Friday, Feb. 08, 1963

West Point & All That

To hear some people tell it, a modern U.S. military man should study Kafka as well as Clausewitz, since the terrain he must now operate in is more like Kafka's maze than Clausewitz's certainties. In a day of allies, proxy battles and limited wars, the military needs a whole new technical arsenal--politics, diplomacy, science, economics--to enable it to employ precise degrees of power in imprecise situations. All this asks of U.S. officers unprecedented competence, character and wisdom.

It also raises sharp questions about the quality of U.S. service academies, says David Boroff, 45, professor of English at New York University and the nation's liveliest critic-inspector of colleges and universities (Campus, U.S.A.). "As sympathetically as possible," World War II Veteran Boroff (corporal, Army Intelligence) set out last winter to scrutinize West Point, Annapolis and the Air Force Academy. The current Harper's publishes his third and final report: a blast at service academy education as so full of "narcissistic preening" that it may be too unreal for the real world.

Boroff finds that "surprisingly good" students flock to the academies. But something goes wrong, he thinks, when they get there. At "rambunctiously adolescent" Annapolis, senior essays run to such topics as "A History of Varsity Cross Country at the U.S.N.A." At austere West Point, cadets are "bright, dutiful boys with a conventional cast of mind." At the Air Academy, "even the bright cadets did not seem different from the duller ones; they all inhabited the same constricted intellectual and moral universe."
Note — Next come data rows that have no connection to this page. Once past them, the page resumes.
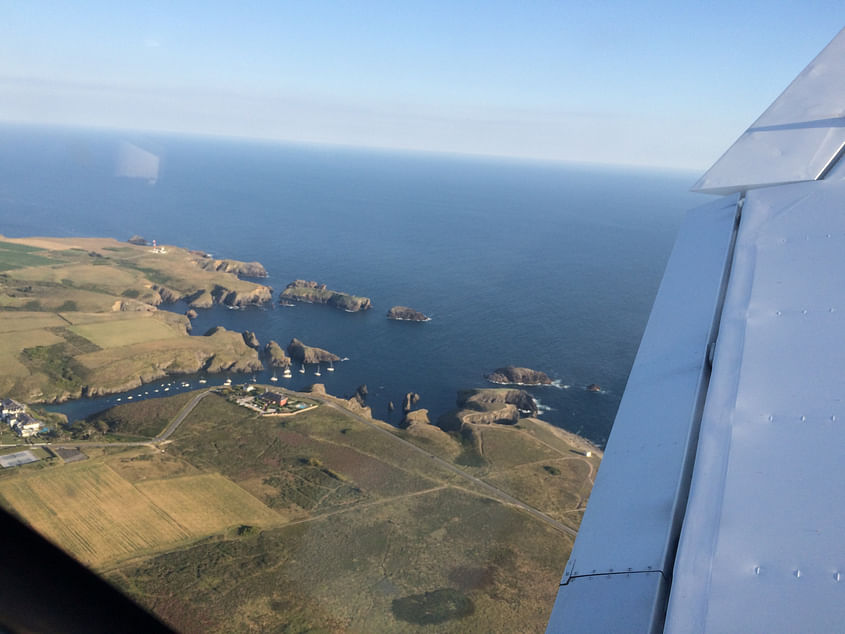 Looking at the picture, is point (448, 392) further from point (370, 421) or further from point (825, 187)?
point (825, 187)

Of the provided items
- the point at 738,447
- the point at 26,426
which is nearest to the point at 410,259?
the point at 26,426

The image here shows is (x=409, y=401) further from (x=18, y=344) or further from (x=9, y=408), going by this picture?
(x=18, y=344)

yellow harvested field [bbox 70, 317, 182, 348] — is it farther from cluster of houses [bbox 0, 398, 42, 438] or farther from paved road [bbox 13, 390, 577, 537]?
cluster of houses [bbox 0, 398, 42, 438]

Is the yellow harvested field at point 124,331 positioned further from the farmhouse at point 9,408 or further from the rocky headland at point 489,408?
the rocky headland at point 489,408

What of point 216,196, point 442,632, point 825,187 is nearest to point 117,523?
point 442,632

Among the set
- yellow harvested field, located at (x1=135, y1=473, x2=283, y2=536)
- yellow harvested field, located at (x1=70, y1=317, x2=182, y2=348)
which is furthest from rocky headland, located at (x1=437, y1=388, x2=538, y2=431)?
yellow harvested field, located at (x1=70, y1=317, x2=182, y2=348)

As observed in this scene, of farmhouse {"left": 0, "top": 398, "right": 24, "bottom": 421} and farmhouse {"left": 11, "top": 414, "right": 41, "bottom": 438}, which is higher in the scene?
farmhouse {"left": 11, "top": 414, "right": 41, "bottom": 438} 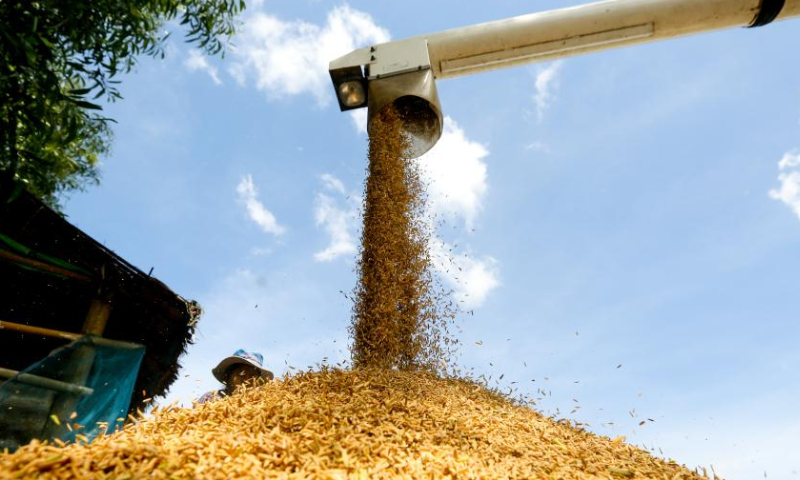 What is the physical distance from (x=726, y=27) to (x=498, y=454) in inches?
173

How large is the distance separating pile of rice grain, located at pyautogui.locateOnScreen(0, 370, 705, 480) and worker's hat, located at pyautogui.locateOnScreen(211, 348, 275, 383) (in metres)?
2.70

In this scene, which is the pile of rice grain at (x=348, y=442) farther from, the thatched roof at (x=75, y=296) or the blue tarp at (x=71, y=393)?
the thatched roof at (x=75, y=296)

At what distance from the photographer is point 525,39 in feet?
14.6

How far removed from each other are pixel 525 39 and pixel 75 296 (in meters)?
4.79

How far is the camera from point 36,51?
11.7ft

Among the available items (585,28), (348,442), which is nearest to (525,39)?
(585,28)

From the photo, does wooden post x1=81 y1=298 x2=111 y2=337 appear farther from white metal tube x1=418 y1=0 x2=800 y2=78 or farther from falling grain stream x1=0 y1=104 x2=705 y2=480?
white metal tube x1=418 y1=0 x2=800 y2=78

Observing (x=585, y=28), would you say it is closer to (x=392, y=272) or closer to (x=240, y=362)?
(x=392, y=272)

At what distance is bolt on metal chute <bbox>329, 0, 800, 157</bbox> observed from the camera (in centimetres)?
436

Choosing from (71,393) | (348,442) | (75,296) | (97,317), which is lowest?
(348,442)

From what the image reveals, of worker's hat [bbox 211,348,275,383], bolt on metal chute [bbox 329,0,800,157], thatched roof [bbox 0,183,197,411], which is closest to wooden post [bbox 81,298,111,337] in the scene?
thatched roof [bbox 0,183,197,411]

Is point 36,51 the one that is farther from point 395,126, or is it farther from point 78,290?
point 395,126

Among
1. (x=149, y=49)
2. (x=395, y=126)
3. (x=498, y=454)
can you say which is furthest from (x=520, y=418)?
(x=149, y=49)

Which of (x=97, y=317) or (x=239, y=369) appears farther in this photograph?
(x=239, y=369) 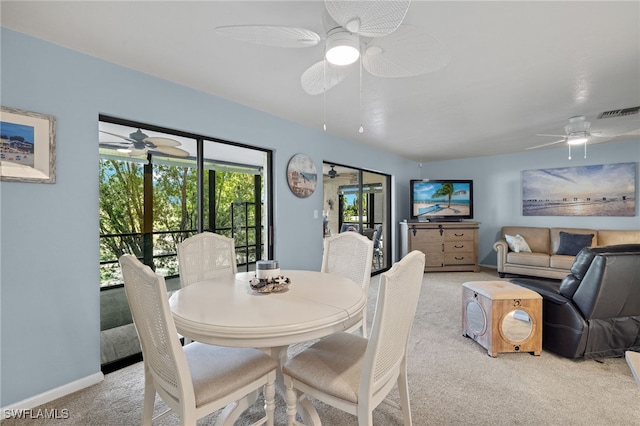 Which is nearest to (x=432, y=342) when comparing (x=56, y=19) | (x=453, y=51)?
(x=453, y=51)

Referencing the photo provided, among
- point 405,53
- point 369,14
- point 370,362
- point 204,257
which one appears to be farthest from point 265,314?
point 405,53

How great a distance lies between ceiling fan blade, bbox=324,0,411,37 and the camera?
116 cm

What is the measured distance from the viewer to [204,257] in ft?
7.82

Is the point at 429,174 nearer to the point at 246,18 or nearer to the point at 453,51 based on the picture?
the point at 453,51

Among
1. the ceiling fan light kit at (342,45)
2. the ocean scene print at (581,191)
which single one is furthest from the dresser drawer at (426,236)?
the ceiling fan light kit at (342,45)

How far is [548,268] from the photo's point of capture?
4875 millimetres

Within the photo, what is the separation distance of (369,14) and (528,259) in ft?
17.3

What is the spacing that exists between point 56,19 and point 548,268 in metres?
6.36

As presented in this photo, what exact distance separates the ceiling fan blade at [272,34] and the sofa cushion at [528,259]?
5250 millimetres

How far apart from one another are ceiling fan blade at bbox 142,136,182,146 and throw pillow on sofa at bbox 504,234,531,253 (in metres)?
5.47

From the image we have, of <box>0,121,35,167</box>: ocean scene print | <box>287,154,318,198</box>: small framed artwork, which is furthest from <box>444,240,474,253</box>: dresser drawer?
<box>0,121,35,167</box>: ocean scene print

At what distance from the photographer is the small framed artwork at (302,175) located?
12.1 ft

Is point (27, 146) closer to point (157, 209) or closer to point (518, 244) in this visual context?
point (157, 209)

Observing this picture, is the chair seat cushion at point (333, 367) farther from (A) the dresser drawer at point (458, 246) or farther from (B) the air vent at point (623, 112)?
(A) the dresser drawer at point (458, 246) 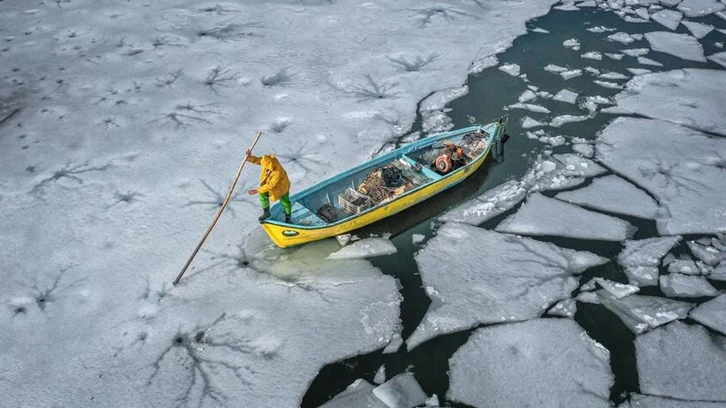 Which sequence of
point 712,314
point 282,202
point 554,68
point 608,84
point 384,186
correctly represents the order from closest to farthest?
1. point 712,314
2. point 282,202
3. point 384,186
4. point 608,84
5. point 554,68

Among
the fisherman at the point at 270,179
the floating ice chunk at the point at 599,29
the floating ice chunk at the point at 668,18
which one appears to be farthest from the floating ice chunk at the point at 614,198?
the floating ice chunk at the point at 668,18

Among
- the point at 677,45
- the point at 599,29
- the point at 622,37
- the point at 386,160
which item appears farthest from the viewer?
the point at 599,29

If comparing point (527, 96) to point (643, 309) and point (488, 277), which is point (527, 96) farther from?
point (643, 309)

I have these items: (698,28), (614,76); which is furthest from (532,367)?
(698,28)

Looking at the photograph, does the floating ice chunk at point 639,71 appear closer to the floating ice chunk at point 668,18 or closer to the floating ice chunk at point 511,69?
the floating ice chunk at point 511,69

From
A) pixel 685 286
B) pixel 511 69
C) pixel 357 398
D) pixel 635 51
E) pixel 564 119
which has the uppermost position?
pixel 635 51

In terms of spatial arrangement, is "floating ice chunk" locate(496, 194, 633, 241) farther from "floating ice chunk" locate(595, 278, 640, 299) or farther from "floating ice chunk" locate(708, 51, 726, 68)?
"floating ice chunk" locate(708, 51, 726, 68)

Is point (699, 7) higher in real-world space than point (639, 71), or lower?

"Brother Rat Mentality." At West Point, cadets do not major in subjects; the curriculum (60% science and engineering) is broken into little units of information. Having completed each step, says Boroff, cadets have no incentive to probe further, particularly in humanities. Nor have they time: the "awesome" academic load is some 21 class hours a week, plus military training and compulsory athletics. Worse, says Boroff, most of the 358-man faculty (only 14 have doctorates) are short-tour officers who tend to follow canned lesson plans. Says Boroff: "Academically, West Point is a second-class college for first-class students."

"Less flamboyantly spartan," Annapolis allows midshipmen to take majors and uses civilian professors in academic departments. But all department heads are naval officers ("often uninformed"), who come and go every three years. Tackling this problem, the Navy is now out to find Annapolis a civilian academic dean "of national rank." Boroff is not sanguine about the "Brother Rat mentality" at Annapolis, where foreign language study (a first-rate department) is known as "dago," and the catch-all department of English, history and government is called the "Bull Department."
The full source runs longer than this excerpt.